The Muslim influence is still visible in the Alfama district, an old quarter of Lisbon that survived the 1755 Lisbon earthquake: many place-names are derived from Arabic and the Alfama (the oldest existing district of Lisbon) was derived from the Arabic "al-hamma". For a brief time, Lisbon was an independent Muslim kingdom known as the Taifa of Lisbon (1022–1094), before being conquered by the larger Taifa of Badajoz. In 1108 Lisbon was raided and occupied by Norwegian crusaders led by Sigurd I on their way to the Holy Land as part of the Norwegian Crusade and occupied by crusader forces for three years. It was taken by the Moorish Almoravids in 1111. In 1147, as part of the Reconquista, crusader knights led by Afonso I of Portugal besieged and reconquered Lisbon. The city, with around 154,000 residents at the time, was returned to Christian rule. The reconquest of Portugal and re-establishment of Christianity is one of the most significant events in Lisbon's history, described in the chronicle Expugnatione Lyxbonensi, which describes, among other incidents, how the local bishop was killed by the crusaders and the city's residents prayed to the Virgin Mary as it happened. Some of the Muslim residents converted to Roman Catholicism and most of those who did not convert fled to other parts of the Islamic world, primarily Muslim Spain and North Africa. All mosques were either completely destroyed or converted into churches. As a result of the end of Muslim rule, spoken Arabic quickly lost its place in the everyday life of the city and disappeared altogether.

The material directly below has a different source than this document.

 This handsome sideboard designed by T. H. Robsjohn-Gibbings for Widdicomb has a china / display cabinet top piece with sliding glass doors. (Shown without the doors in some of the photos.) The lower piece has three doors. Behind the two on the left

With its central location, Lisbon became the capital city of the new Portuguese territory in 1255. The first Portuguese university was founded in Lisbon in 1290 by King Denis I; for many years the Studium Generale (General Study) was transferred intermittently to Coimbra, where it was installed permanently in the 16th century as the University of Coimbra. In 1384, the city was besieged by King Juan I of Castille, as a part of the ongoing 1383–1385 Crisis. The result of the siege was a victory for the Portuguese led by Nuno Álvares Pereira. During the last centuries of the Middle Ages, the city expanded substantially and became an important trading post with both Northern European and Mediterranean cities. When the Spaniards expelled the Jews from Spanish territory, many of the Jews fled to Lisbon. Although acknowledging the central importance of the Jews to the city's prosperity, Manuel I decreed in 1497 that all Jews must convert to Christianity, only those who refused being forced to leave, but not before the expropriation of their property. In 1506, an anti-semitic movement among the Old Christians of Lisbon culminated in a massacre lasting four days in which some 1,000 to 4,000 New Christian men, women and children, converted descendants of Sephardic Jews, are estimated to have been killed. The king was at Évora when these events occurred, but angered when he received the news, he ordered an investigation which resulted in two of the instigating friars being excommunicated and burned alive. Most of the Portuguese expeditions of the Age of Discovery set out from Lisbon during the period from the end of the 15th century to the beginning of the 17th century, including Vasco da Gama's expedition to India in 1498. The following years of the 16th century began Lisbon's golden era: the city was the European hub of commerce between Africa, India, the Far East and later, Brazil, and acquired great riches by exploiting the trade in spices, slaves, sugar, textiles and other goods. This period saw the rise of the exuberant Manueline style in architecture, which left its mark in many 16th-century monuments (including Lisbon's Belém Tower and Jerónimos Monastery, which were declared UNESCO World Heritage Sites). A description of Lisbon in the 16th century was written by Damião de Góis and published in 1554.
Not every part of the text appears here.